• _ACTIVITY_
Copy every line from the data below in which the string "Center" can be found.
[DATA FOR REVIEW — start]
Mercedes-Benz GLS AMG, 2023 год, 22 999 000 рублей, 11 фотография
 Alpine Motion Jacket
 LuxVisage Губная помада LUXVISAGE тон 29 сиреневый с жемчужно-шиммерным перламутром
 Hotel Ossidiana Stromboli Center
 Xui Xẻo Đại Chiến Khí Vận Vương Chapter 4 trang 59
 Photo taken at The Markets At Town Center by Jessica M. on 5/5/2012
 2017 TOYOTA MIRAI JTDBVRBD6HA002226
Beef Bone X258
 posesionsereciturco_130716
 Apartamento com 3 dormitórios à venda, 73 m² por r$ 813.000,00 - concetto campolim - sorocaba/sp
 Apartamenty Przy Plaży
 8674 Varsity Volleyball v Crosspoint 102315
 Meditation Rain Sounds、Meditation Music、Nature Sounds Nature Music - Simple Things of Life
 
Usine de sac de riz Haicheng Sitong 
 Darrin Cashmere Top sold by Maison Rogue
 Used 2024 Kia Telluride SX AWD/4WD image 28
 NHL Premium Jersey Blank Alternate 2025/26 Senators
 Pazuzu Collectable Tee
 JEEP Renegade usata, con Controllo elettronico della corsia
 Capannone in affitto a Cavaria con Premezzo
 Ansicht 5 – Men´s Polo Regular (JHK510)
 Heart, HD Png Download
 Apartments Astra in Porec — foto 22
[DATA FOR REVIEW — finish]
• _EXERCISE ANSWER_
 Hotel Ossidiana Stromboli Center
 Photo taken at The Markets At Town Center by Jessica M. on 5/5/2012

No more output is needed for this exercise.